The ROS clearance rate of the sample in the cell was detected by Biyuntian ROS detection kit. The specific experimental steps were in accordance with the instructions of the kit, and the aseptic operation was ensured.

Cell scratch assay

L929 cells were seeded in a 12-well cell orifice plate with 100,000 cells per well. After 24 h of culture, the growth status of the cells was observed. After the cells were overgrown, the cells were scratched with a disposable 10-μL pipette tip. All wells were washed twice with 1 mL of DMEM medium to remove cell debris. Then, the diluted sample was added, and the distance between the scratches was observed by fluorescence inverted microscope, which was recorded as d₀. After incubation in the incubator for 24 h, the distance between the scratches was observed and recorded as d₁. The relative migration distance is calculated using Eq. 6:

Relative migration distance = [(d₀－d₁) / d₀] × 100% (6)

Statistical Analysis

All experiments were performed in triplicate, and the results are expressed as mean ± standard deviation. Statistical evaluation was made using analysis of variance (ANOVA) using SPSS 18.0 software, with p < 0.05 being considered as significant.

RESULTS AND DISCUSSION

Kernel and Oil Content of TSO from Different Regions

The appearance of tea seed shell and kernel from different producing areas was observed, and the results were shown in Fig. 1. The shell of tea seed is brown, and the seed kernel is pale yellow. The average diameter of tea seed from Guizhou was 9.49 mm, and the average weight of tea seed kernels was 0.89 g (Table 2). As shown in Table 1, there were significant differences in the kernel content and oil content of tea seeds from different regions. The kernel content of tea seeds was 57% to 69%, with an average of 63.8%. The kernel content of tea seeds in western Guizhou (T2), southwestern Guizhou (T4), and southern Guizhou (T6) was higher than the average, and the highest in southern Guizhou (T6) was 68.4%. The average oil content of tea seed kernels was 24.7%. The oil content of samples in western Guizhou (T2), southwestern Guizhou (T4), and southern Guizhou (T6) were higher than the average value, and the highest content in western Guizhou (T2) was 26.9%. Based on the difference in kernel content and oil content of tea seeds in different regions, it can be concluded that the kernel content and oil content of tea seeds in western Guizhou (T2), southwestern Guizhou (T4), and southern Guizhou (T6) were higher than those in other tea seed-producing areas in Guizhou.

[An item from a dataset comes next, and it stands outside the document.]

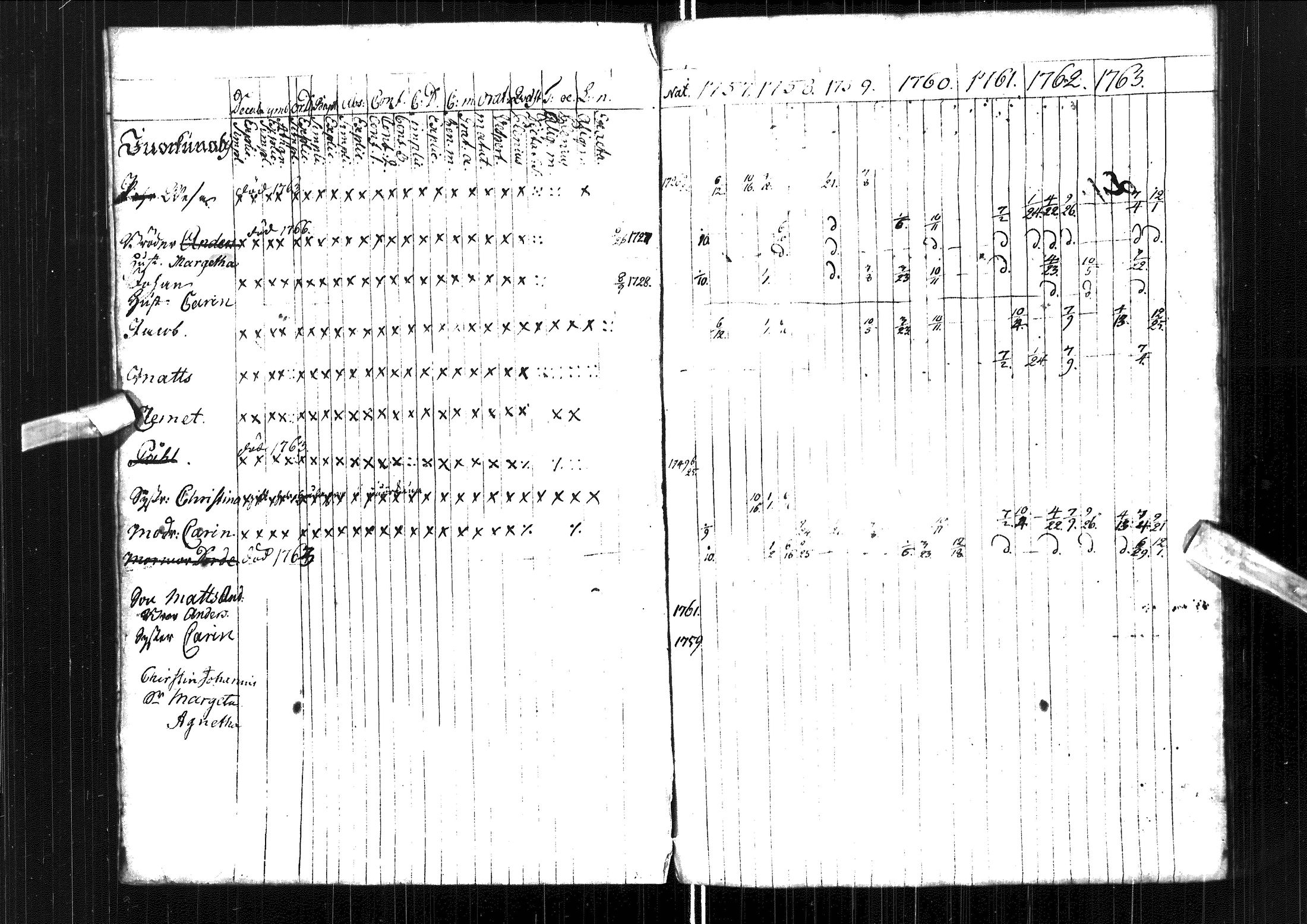 [ ../kirjat/Kirkonkirjat/muhos/rippikirja_1757-1763_ik117/kuvat/9.jpg ]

Fig. 1. The physical map of tea seeds from different producing areas in Guizhou: (a) Appearance of tea seeds; (b) Kernel of tea seeds

Table 2. Kernel Content, Oil Content, and Appearance of Tea Seeds

Chemical Components of TSO from Different Regions

Using GC-MS technology, this method can separate the peaks of TSO in different regions with good resolution. The relative content of fatty acid components in TSO was calculated by the area normalization method (Liu et al. 2016). There were significant differences in the composition and content of fatty acids in TSO from different regions, and 16 fatty acid components were detected (Table 3). Among them, the tea seed in western Guizhou (T2) had the most abundant fatty acid species, with 15 kinds; the tea seed in southern Guizhou (T6) had the least fatty acid species, with 9 kinds. Cis-13-docosaenoic acid was only detected in tea seed samples in eastern Guizhou, and the content was only 0.11%. 10-undecylenic acid was only detected in tea seeds in western and eastern Guizhou.

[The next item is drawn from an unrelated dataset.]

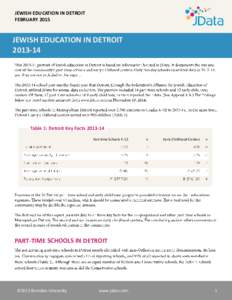 Jewish universities and colleges in the United States / Massachusetts / Brandeis University / Liberalism in the United States / Geography of Michigan / United States / Brandeis / Detroit / Louis Brandeis / Louis D. Brandeis Center for Human Rights under Law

Table 3. Contents of Fatty Acid Components in Tea Seed Oil from Different Regions

Note：‘—’ means that the substance was not detected. a. 2-Hexenedioic acid; b. α-Linolenic acid; c. 12-methyl-Tridecanoic acid; d. 9-Hexadecenoic acid; e. Palmitic acid; f. 2-hexyl-Cyclopropaneoctanoic acid; g. Heptadecanoic acid; h. Linoleic acid; i. Oleic acid; j. Stearic acid; k. 10-Octadecenoic acid; l. 10-Undecynoic acid; m. 3-octyl-Oxiraneoctanoic acid; n. cis-11-Eicosenoic acid; o. Eicosanoic acid; p. 13-Docosenoic acid

There were four kinds of fatty acids with high relative content in TSO: oleic acid, linoleic acid, palmitic acid, and stearic acid (Table 4). Oleic acid and linoleic acid are unsaturated fatty acids that can regulate blood lipid levels, reduce cholesterol, and effectively reduce the incidence of hypercholesterolemia and cardiovascular disease (Li et al. 2023). Among them, linoleic acid is an essential fatty acid in human and animal nutrition. The average content of linoleic acid in Guizhou TSO is 21.66%, which is much higher than that in olive oil (Moghaddam et al. 2012). TSO in southwestern Guizhou (T4) and southern Guizhou (T6) contains more unsaturated fatty acids, which can reduce blood lipids and prevent the formation of atherosclerotic plaques (Yang et al. 2022).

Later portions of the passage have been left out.